### Assigned task:
From the first line to the last, copy the material exactly and leave the pictures out.

### Given records:
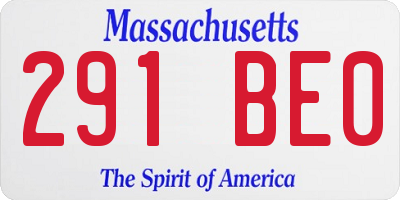 MA license plate 291BE0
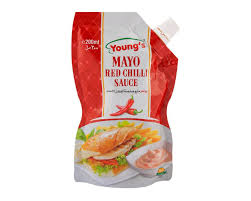 YOUNGS MAYO RED CHILLI SAUCE POUCH 1LTR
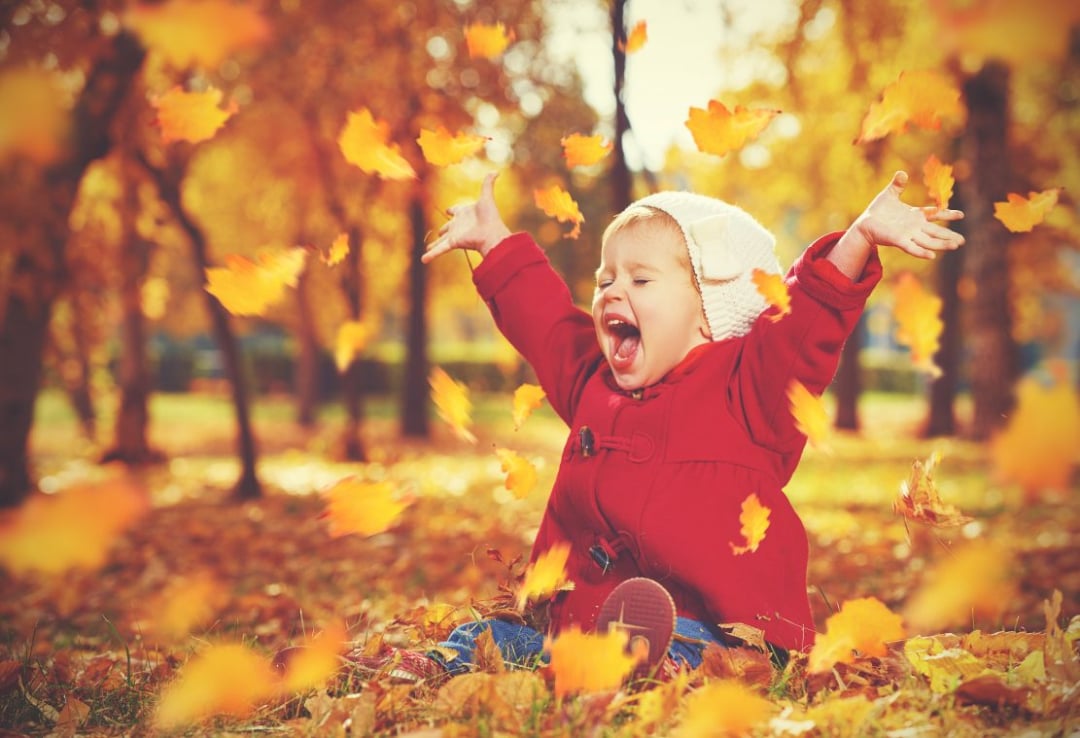 A young child in a red coat and white hat sits on the ground, joyfully throwing autumn leaves into the air in a park filled with orange and yellow foliage.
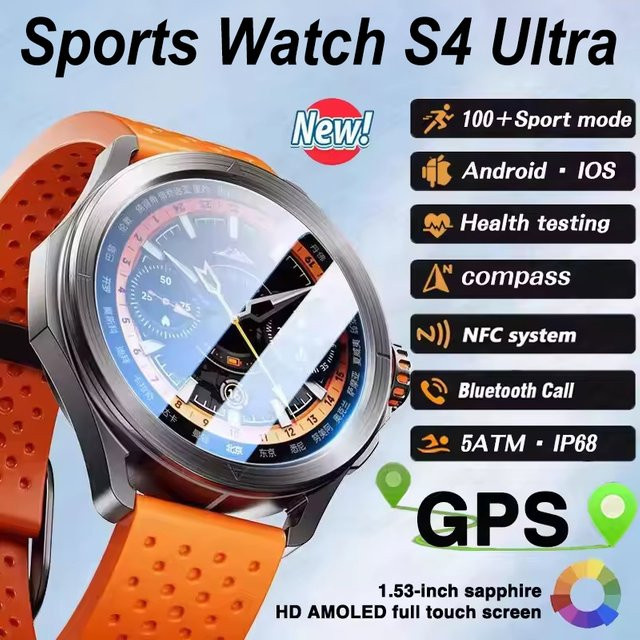 BOXUXING Smartwatch, GPS, Herren, Grau, Silikon, wasserdicht - Bild 1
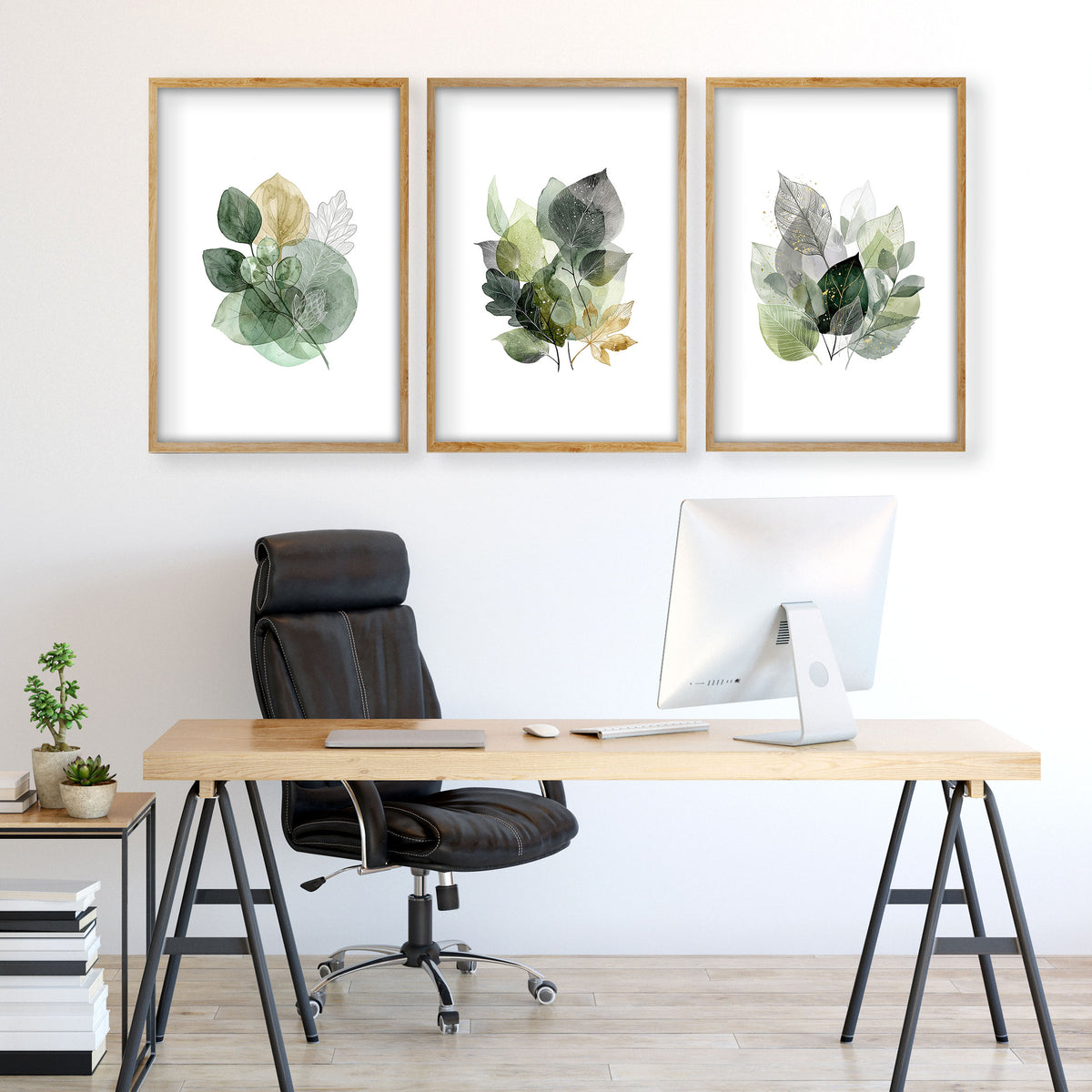 Paintings for Home Office Botanical Watercolour Leaves Green & Gold wall art displayed on a wall in a styled room — view 2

### Completed exercise:
 MA license plate 291BE0
 YOUNGS MAYO RED CHILLI SAUCE POUCH 1LTR
 A young child in a red coat and white hat sits on the ground, joyfully throwing autumn leaves into the air in a park filled with orange and yellow foliage.
 BOXUXING Smartwatch, GPS, Herren, Grau, Silikon, wasserdicht - Bild 1
 Paintings for Home Office Botanical Watercolour Leaves Green & Gold wall art displayed on a wall in a styled room — view 2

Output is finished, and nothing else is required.